_Extracted information:_

┌──

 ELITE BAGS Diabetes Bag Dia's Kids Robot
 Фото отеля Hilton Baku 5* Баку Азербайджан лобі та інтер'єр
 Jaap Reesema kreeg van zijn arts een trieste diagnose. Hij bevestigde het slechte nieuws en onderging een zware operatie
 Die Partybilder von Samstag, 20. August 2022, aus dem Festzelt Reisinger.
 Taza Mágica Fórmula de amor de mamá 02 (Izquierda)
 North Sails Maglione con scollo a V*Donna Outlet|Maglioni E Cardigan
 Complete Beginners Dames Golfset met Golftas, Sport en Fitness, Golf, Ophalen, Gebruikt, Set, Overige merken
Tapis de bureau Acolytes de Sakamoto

└──
┌──

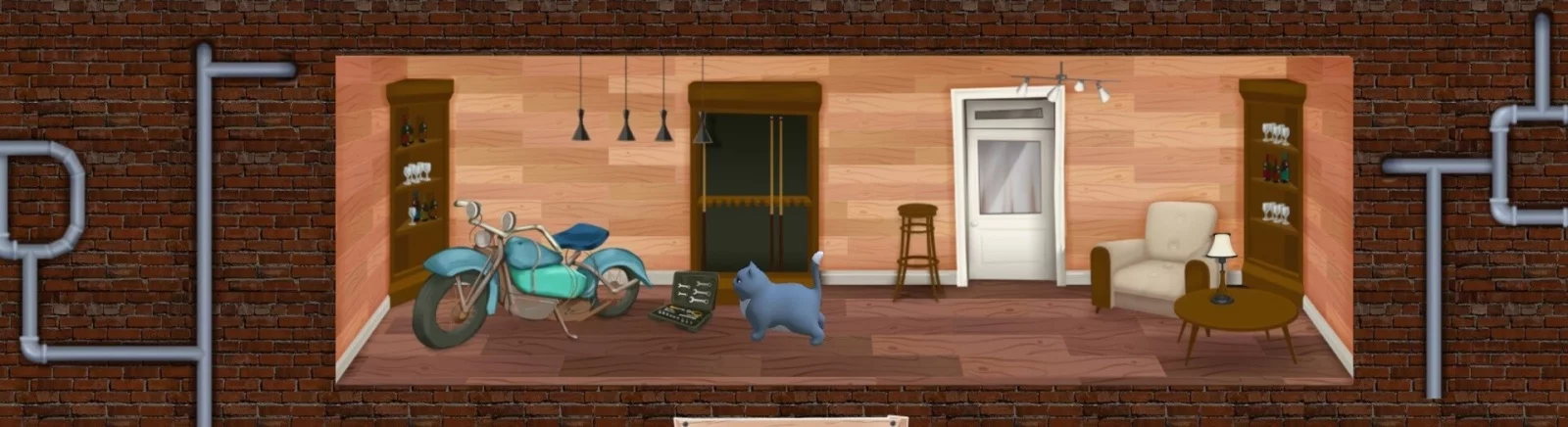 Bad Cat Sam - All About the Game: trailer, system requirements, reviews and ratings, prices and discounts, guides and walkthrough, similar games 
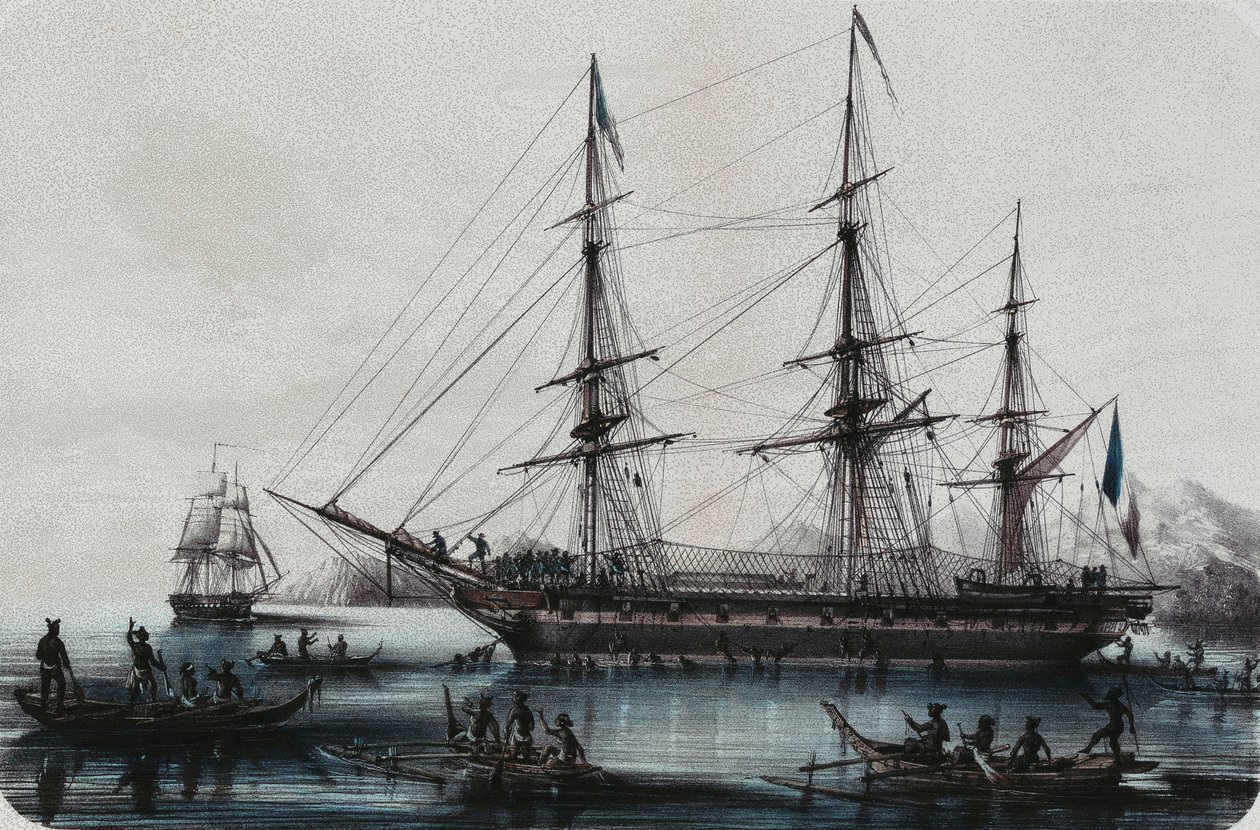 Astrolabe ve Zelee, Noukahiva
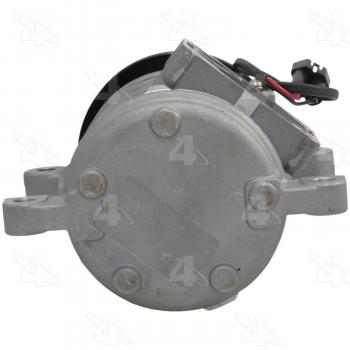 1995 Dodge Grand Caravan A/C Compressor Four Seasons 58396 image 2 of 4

└──
┌──

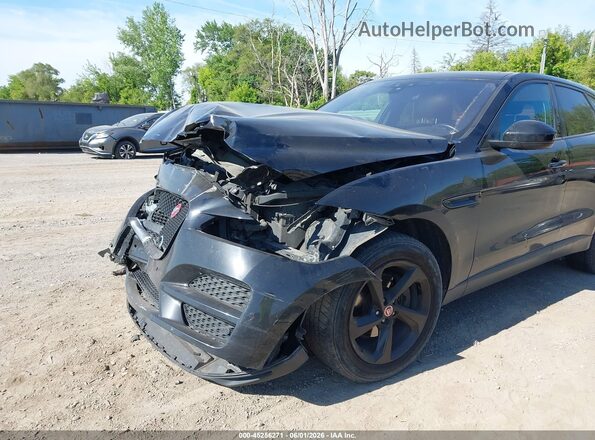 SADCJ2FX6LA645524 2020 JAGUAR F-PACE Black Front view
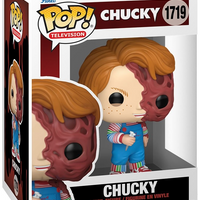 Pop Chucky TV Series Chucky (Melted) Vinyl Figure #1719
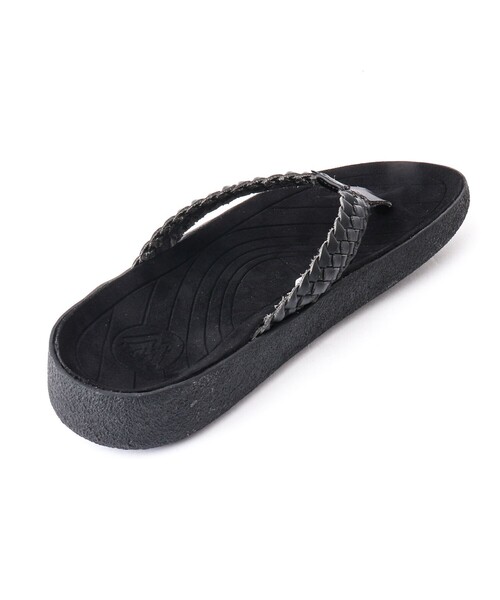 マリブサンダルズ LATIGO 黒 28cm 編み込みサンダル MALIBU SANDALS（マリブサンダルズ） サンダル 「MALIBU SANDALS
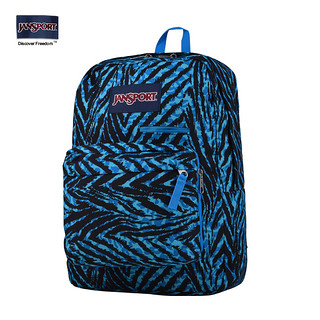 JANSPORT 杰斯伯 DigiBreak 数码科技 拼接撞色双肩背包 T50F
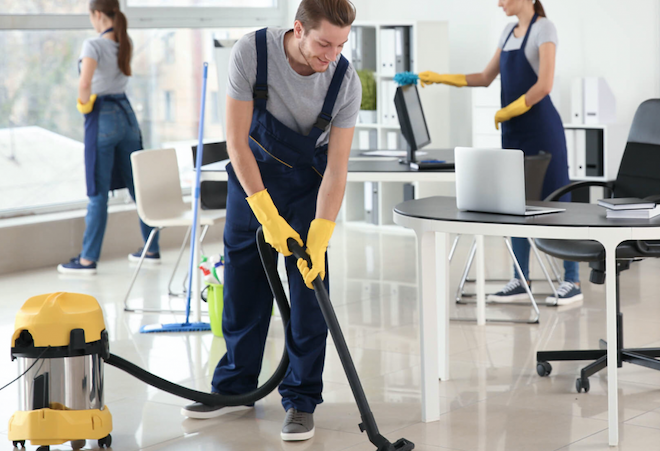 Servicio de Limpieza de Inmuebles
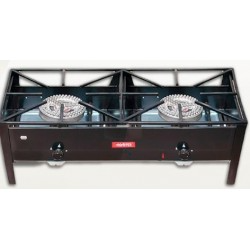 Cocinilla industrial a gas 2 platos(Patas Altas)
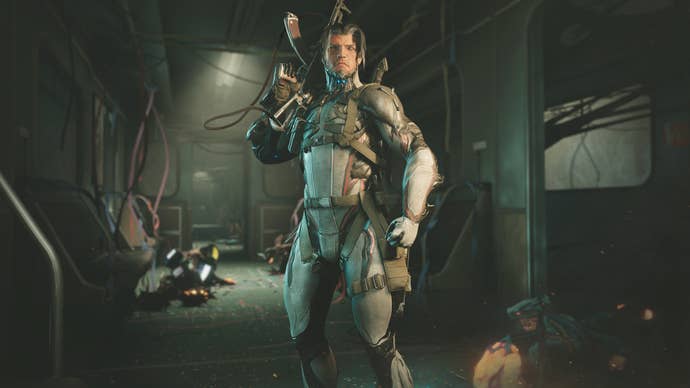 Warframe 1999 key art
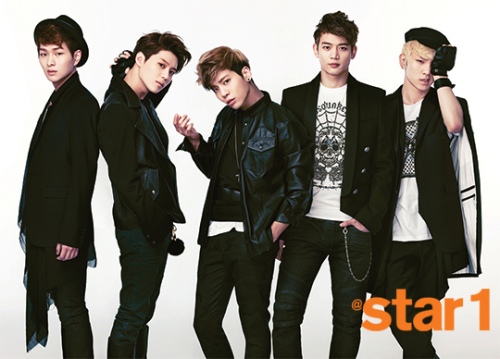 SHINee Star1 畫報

└──

_Work instruction:_
Starting at the line above that contains "ELITE BAGS Diabetes Bag Dia's Kids Robot", repeat each line exactly up to and including the line that contains "Tapis de bureau Acolytes de Sakamoto", and stop there.

_Answer space:_
 ELITE BAGS Diabetes Bag Dia's Kids Robot
 Фото отеля Hilton Baku 5* Баку Азербайджан лобі та інтер'єр
 Jaap Reesema kreeg van zijn arts een trieste diagnose. Hij bevestigde het slechte nieuws en onderging een zware operatie
 Die Partybilder von Samstag, 20. August 2022, aus dem Festzelt Reisinger.
 Taza Mágica Fórmula de amor de mamá 02 (Izquierda)
 North Sails Maglione con scollo a V*Donna Outlet|Maglioni E Cardigan
 Complete Beginners Dames Golfset met Golftas, Sport en Fitness, Golf, Ophalen, Gebruikt, Set, Overige merken
Tapis de bureau Acolytes de Sakamoto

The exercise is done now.